Satılanın değerindeki eksiklik satış bedeline çok yakın ise alıcı, ancak sözleşmeden dönme veya satılanın ayıpsız bir benzeriyle değiştirilmesini isteme haklarından birini kullanabilir.” hükmüne amirdir.
Tüm dosya kapsamı ve denetime elverişli hükme esas alınan bilirkişi rapor içeriklerine göre; davacının —–plakalı —– markalı aracın, 20.04.2021 tarihinde davalı—– satın alındığı, davacının satın aldığı aracın ayıplı olması nedeniyle hasar bedeli ve araçtan mahrum kalınan süre karşılığı bedelin tahsili amacıyla eldeki davanın açıldığı, yapılan bilirkişi incelemeleri sonucunda dava konusu araçta davalıların sorumluluğunu doğuracak gizli ayıp bulunmadığı, araçtaki hasarın davalı —–aracın satın alındığı tarihten yaklaşık altı ay sonra ve 30.000 km’ den fazla bir yol kat ettikten sonra meydana geldiği, bu nedenle araçtaki motor arızasının meydana gelmesinde davalı satıcının kusurunun olmadığı; motorun tamir (rektifiye) edilmesi yerine, teknik olarak daha uygun olan ve değer kaybına sebebiyet vermeyecek diğer çözüm ise motorun fabrikasyon imalat (sandık motor tabir edilen) yenisi ile değiştirilerek aracın onarılması olduğu, davalı servis tarafından yeni orijinal motorun takılması ile yapılan onarımın teknik açıdan uygun olduğu;—– plaka sayılı, —– model otomobilin motorunun komple orijinal ve yenisi ile değiştirilmesinin yetkili servis tarafından yapıldığı tespitlerine yer verildiği ve rapora mahkememizce iştirak olunduğu, delil tespiti kapsamında alınan bilirkişi raporunun tek kişi tarafından düzenlendiği, mahkememizce aldırılan raporun ise 3 lü bilirkişi heyetinden alındığı gözetildiğinde çelişkinin giderilmesi yönünde ayrıca işlem yapılmasına gerek olmadığı kanaatine varıldığı, tüm açıklamalar kapsamında davacının davasının reddine dair karar vermek gerekmiştir.

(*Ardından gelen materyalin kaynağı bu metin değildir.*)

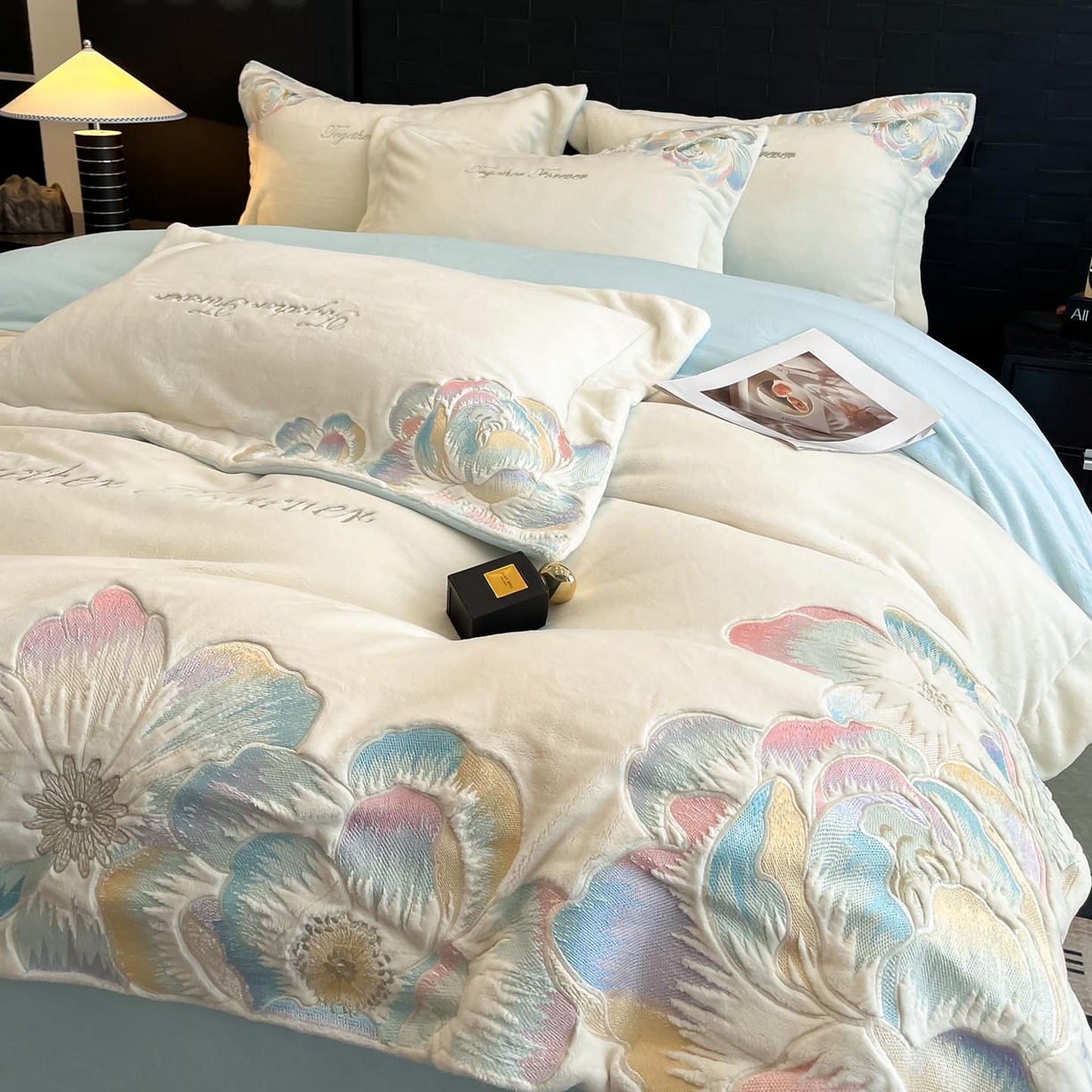 91家纺网 家纺一手货源 找家纺 润锦云 2026新款大热款220克全消光刺绣牛奶绒四件套-向阳花开 向阳花开-奶昔白+天空蓝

HÜKÜM: Gerekçesi yukarıda açıklandığı üzere;
1-Davacının davasının REDDİNE,
2-Alınması gerekli 269,85 TL karar harcının başlangıçta alınan 1.716,29 TL harçtan mahsubu ile 1.446,44 TL fazla harcın karar kesinleştiğinde talep halinde davacı tarafa idesine,
3-Yapılan yargılama giderlerinin davacı üzerinde bırakılmasına,
4-Davalı taraflarca sarfedilen yargılama gideri olmadığından bu konuda karar verilmesine yer olmadığına,
5-Davalılar kendisini vekille temsil ettirdiğinden karar tarihinde geçerli A.A.Ü.T. deki esaslara göre belirlenen 16.075,00 TL vekalet ücretinin davacıdan alınarak davalı taraflara verilmesine,
6-Dava şartı arabuluculuk kapsamında arabulucuya Hazine tarafından ödenen 1.320,00 TL arabuluculuk ücretinin davacıdan 6831 sayılı Kanun’a göre yargılama gideri olarak tahsili için Hazine’ye müzekkere yazılmasına,
7-Bakiye gider avansının karar kesinleştiğinde ilgili tarafa iadesine,
Mahkememizin bu kararına karşı gerekçeli kararın tebliğinden itibaren (2) hafta içinde (HMK 345/1), mahkememize veya mahkememize gönderilmek üzere başka yer mahkemesine dilekçe verilmek suretiyle, Bölge Adliye Mahkemesi ilgili hukuk dairesince incelenmek üzere tarafların istinaf yasa yoluna başvuru hakkı bulunduğuna dair davacı vekilinin, davalı—–vekilinin yüzüne karşı verilen karar açıkça okunup usulen anlatıldı.